The global crude mortality rate is just under 1% (around 8/1,000 in developed countries with some countries up to about 15/1,000). As population ages the global rate will be around 9-10/1,000 by 2100.
Of those aged 50, the annual mortality rate is about 300/100,000. By the age of 60 this has increased to about 800/100,000 and then increases sharply to around 25,000/100,000 by 90 and encompasses virtually everybody by the age of 100. (There are currently about 300,000 people world-wide who are 100 years old and a handful who have reached 115 years old). On average women live around 4 -5 years longer than men.

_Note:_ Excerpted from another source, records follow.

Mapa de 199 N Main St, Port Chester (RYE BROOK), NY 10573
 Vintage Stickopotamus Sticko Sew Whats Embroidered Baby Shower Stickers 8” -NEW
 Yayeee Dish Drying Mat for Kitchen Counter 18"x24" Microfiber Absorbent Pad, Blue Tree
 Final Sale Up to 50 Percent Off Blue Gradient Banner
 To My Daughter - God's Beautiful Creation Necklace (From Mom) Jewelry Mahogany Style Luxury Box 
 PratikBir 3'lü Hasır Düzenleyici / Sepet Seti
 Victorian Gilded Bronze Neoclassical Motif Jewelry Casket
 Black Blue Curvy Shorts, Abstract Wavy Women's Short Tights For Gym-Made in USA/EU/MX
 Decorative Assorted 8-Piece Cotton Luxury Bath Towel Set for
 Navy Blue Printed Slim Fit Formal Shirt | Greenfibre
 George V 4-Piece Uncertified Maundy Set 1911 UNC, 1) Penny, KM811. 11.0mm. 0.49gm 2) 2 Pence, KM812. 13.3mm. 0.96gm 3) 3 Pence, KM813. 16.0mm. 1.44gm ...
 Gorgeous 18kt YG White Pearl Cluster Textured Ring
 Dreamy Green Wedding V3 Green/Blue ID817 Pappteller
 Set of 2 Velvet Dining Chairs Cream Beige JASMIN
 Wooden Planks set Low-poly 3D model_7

Defining “peers” to be those of a similar age, I assume that most people probably reach a maximum number of peer-acquaintances at a little over the age of 50. In my own case I would guess that this was probably when I was around 55.
An increasing mortality then applies to a dwindling cohort of peer-acquaintances. The longer one survives the faster one’s peer-acquaintances shrivel.
Setting peer-acquaintances to be 100% at 50 (and ignoring accretion of new peer acquaintances), their number has dropped to around 80% at 70, and have halved by the time one has reached 80. At our 50th school graduation anniversary when we were all around 65, around 10% of our classmates had passed away. By the age of 90, peer-acquaintances have dwindled to less than 10% of those who were alive at 50. Those who live to 95 have virtually no acquaintances of their own age left alive.
For those who survive to 80, half their peers have died by then. Loneliness is I think governed, not by the number of people surrounding you, but the number of peers one can communicate with. It is a cliche of course, but the longer you survive the dwindling number of your peers ensures the increase of your loneliness. If loneliness is inversely proportional to the number of peer acquaintances, then between 70 and 90 loneliness increases by a factor of 8.